Here’s the best way we know how to provide some perspective on how competitive our pool is. Say you’re in the top 10% of your class. In your high school, you’re performing at a level that’s better than 90% of your peers. What you’re doing is exceptional in your environment. In selective applicant pools like W&M, being in the top 10% of your class is commonplace. That doesn’t diminish how impressive that achievement is, it just provides some perspective on the students we’re evaluating. It’s not the spectrum from 0-100 that’s applying; it’s just those in the 90-100 bracket from high schools across the nation and the world. And that’s true across the board. It’s that 90-100 bracket for grades, for standardized test scores, for extracurricular involvement, for leadership, and so on. So you’re competing with the best of the best for a limited number of spaces.

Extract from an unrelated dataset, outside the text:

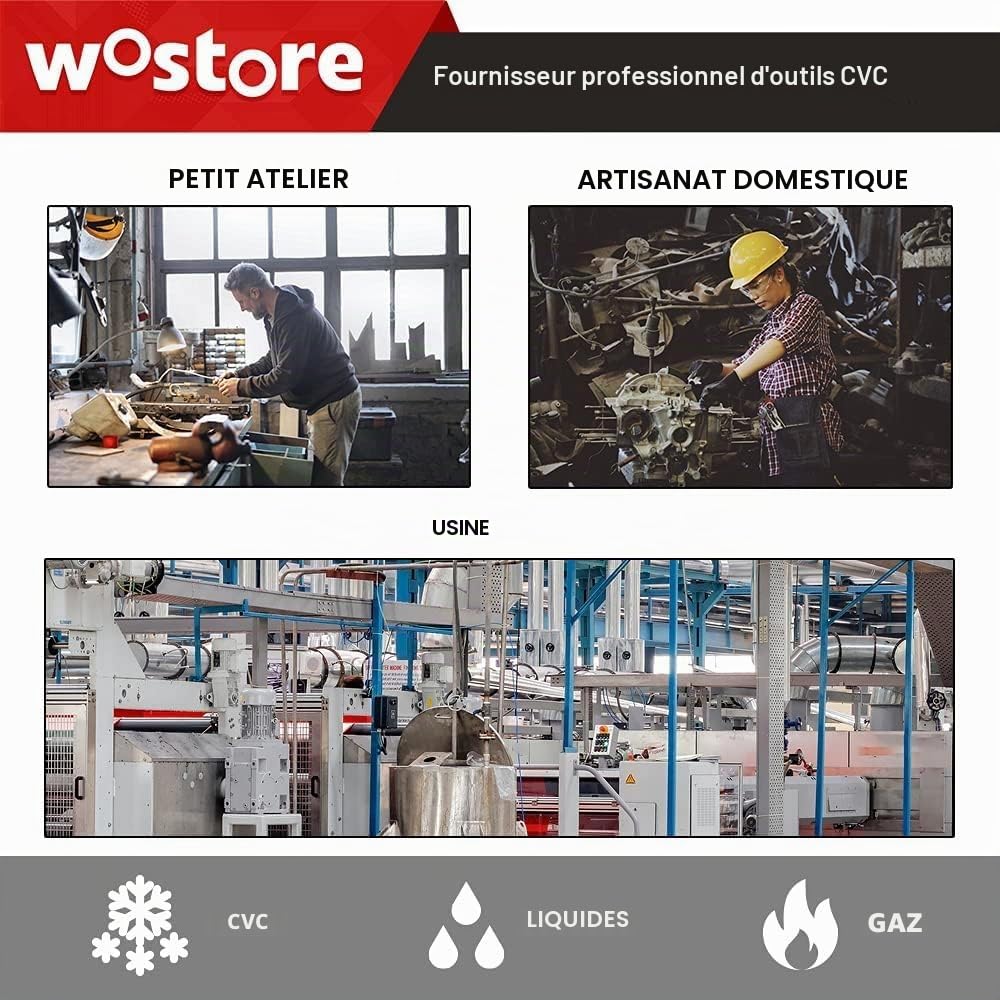 Wostore, Kit d'outils de déformation de tuyaux - 7 matrices pour flares excentriques sur tuyaux en cuivre de 4,8 à 19,1 mm - Idéal pour la réfrigération, le CVC et les travaux sanitaires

We recognize that no matter what perspective we provide, no matter what we say, it likely doesn’t lessen the sting of this decision. You are an amazing person and not admitting you is our loss. As we’ve said in previous deny edition blogs, it’s not you, it’s us. We are truly sorry the outcome couldn’t be more positive. We know however that our loss is another college’s gain. We wish you nothing but happiness and success at whatever school you choose.